Même son de cloche d’abord de Manny Maceda, le patron mondial de Bain & Company. « En 2020, nous avons choisi de ne pas travailler pour le gouvernement russe à quelque niveau que ce soit – central, fédéral ou local – et aussi de ne pas travailler avec des entreprises de certaines industries, y compris l’armée et le renseignement », écrivait-il sur LinkedIn lundi 28 février.
Bain a précisé que ses clients actuels en Russie sont un mix de multinationales et de compagnies russes, dont une partie sont partiellement détenues par l’État. Un portfolio que Bain est en train de réévaluer du fait de la situation.
Changement de pied de quelques-uns jeudi 3 mars : McKinsey et BCG ont annoncé la suspension de leurs activités en Russie, Accenture annonçant de son côté la cessation de son activité russe, alors que des sources internes indiquaient cette semaine au Financial Times que les cabinets n’envisageaient pas pour le moment de quitter le marché russe, car cela serait « prématuré ».

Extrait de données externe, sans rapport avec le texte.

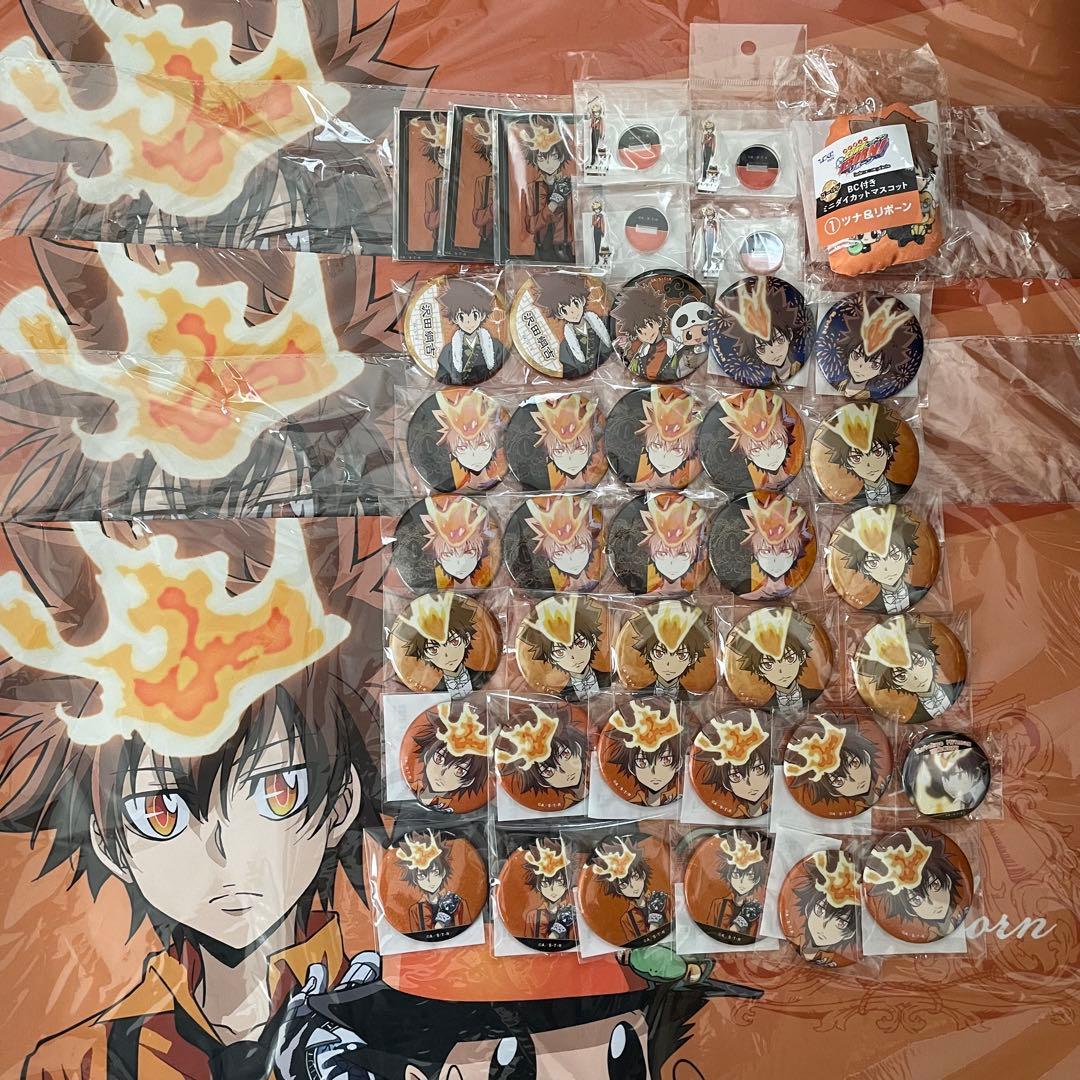 家庭教師ヒットマンREBORN! 沢田綱吉 缶バッジ まとめ売り 未使用 家庭教師ヒットマンREBORN 激推し缶バッジコレクション vol 2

À compter d’aujourd’hui, nous n’accepterons plus aucun nouveau client en Russie. Nous cesserons immédiatement toute collaboration avec des entités détenues par l’État et avons déjà arrêté tout travail pour des entités gouvernementales. Lorsque nos derniers engagements en Russie arriveront à leur terme, nous suspendrons toute activité dans le pays. Notre bureau restera ouvert de manière à pouvoir aider nos collègues dans le pays.

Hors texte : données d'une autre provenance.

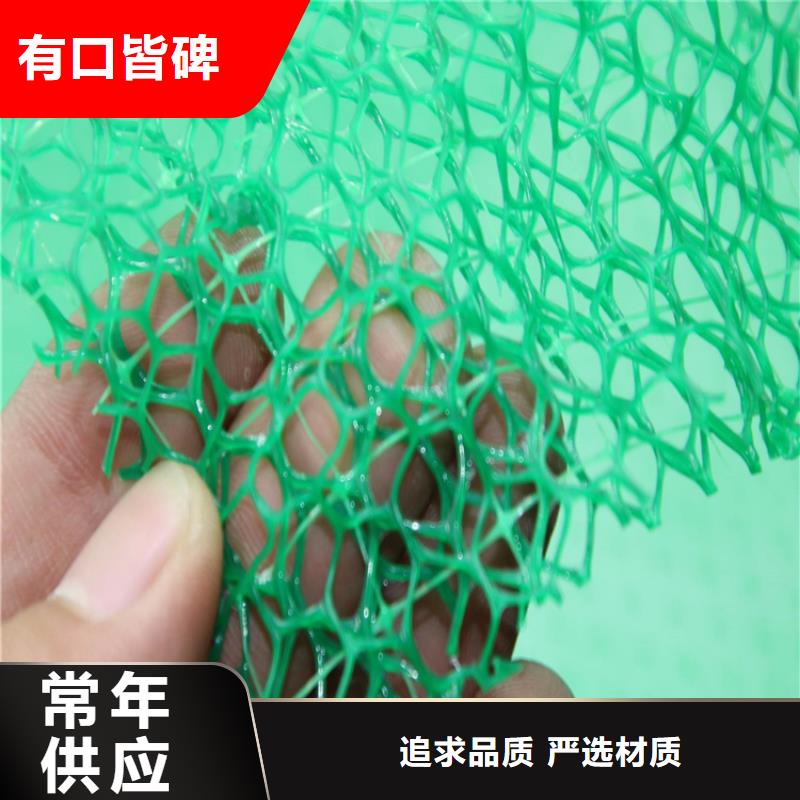 三维植被网HDPE土工膜好产品放心购本地生产商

Communiqué de McKinsey, jeudi 3 mars 2022.
Les cabinets de conseil en stratégie jugés trop mous
La position prudente initiale, jugée molle, qui leur est reprochée, tranche avec les décisions de retrait d’activités ou de participations russes annoncées par pléthores d’entreprises depuis le déclenchement du conflit militaire : BP, Shell, Maersk, Visa, Mastercard, Netflix, Disney, Facebook, Apple ont tour à tour annoncé des mesures de blocage ou de retrait vis-à-vis de la Russie.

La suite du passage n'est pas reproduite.